The financial industry will have to pay for the implementation of reforms through new fees if Congress fails to provide the funds, a leading regulator warned on Wednesday.
Bart Chilton, commissioner at the Commodity Futures Trading Commission, accused parts of the industry of adopting a deliberate strategy “to keep us from having the funding” to police derivatives markets – “starving us on the vine”.
He said he had concluded reluctantly that imposing a levy on users of swaps and futures might be the only way to pay for more staff and better technology at the CFTC, which has been given a raft of new responsibilities over derivatives regulation.
“I do think it’s a fairly draconian step,” Mr Chilton told the Financial Times.
But he said his agency had to move to “Defcon 1”, a reference to the US armed forces’ highest level of alert, in anticipation of being starved of funds by Congress.
The CFTC and Securities and Exchange Commission were promised big budget increases by Democrats to fulfil their new duties under the Dodd-Frank financial reforms.
However, the failure to agree a budget has frozen SEC funding at its 2010 level of $1bn.
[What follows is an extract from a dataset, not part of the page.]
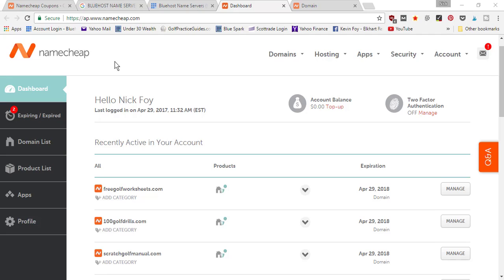If you want to use my affiliate link to help me out, you can go to asknickfoy.com/namecheap. That's going to take you to NameCheap. I buy domains here for less than $10, and if you buy it with your hosting company, a domain name often can be $14, $15, or $20 per year.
Officials and Democrats want a 12-18 per cent increase. The CFTC’s budget is $168m and it has requested $261m.
Scott Garrett, a Republican member of the House financial services and budget committees, this week all but ruled out the increase, saying it “would further the mindset that our nation’s problems can be solved with more spending, not more efficiency”.
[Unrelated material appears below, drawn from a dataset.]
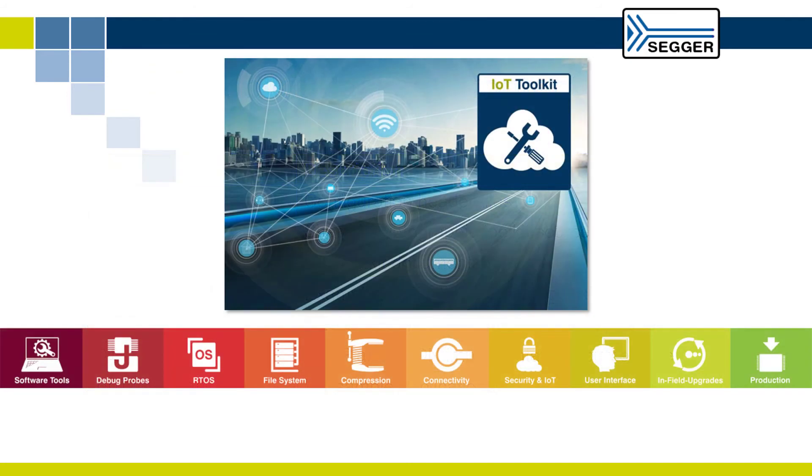This video introduced you to the SEGGER IoT Toolkit, which could become the backbone of your next IoT-driven application, providing all the necessary building blocks.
In a speech due to be delivered today, Mr Chilton will say that if Congress stands in the way of more funds the CFTC should use existing authority to “impose [a] reasonable fee” and seek authority to charge supplementary fees.
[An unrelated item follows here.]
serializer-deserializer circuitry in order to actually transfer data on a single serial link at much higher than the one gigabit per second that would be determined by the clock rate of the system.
“I do not like having to take this route,” he said.
“Traders and exchanges will not like it.
“If we don’t get funding from our traditional appropriations, however, we risk the kind of lax oversight that got us into such a fine economic mess starting just a few short years ago,” he added.
Already, regulators have suggested that they may have to outsource some of their monitoring and surveillance tasks to so-called self-regulatory organisations (SROs).
These organisations, such as the National Futures Association and Finra, are used by exchanges to track trading activity. The SROs are funded by charging market participants a fee.
Scott O’Malia, another CFTC commissioner, this week accused Gary Gensler, the agency’s chairman, of “playing a game of ‘chicken’ with Congress” over the budget for technology by directing funds to new staff instead of investment in software and hardware.
Separately, Robert Khuzami, head of enforcement at the SEC, told a California conference this week that the budget stalemate was “clearly impairing our efforts”.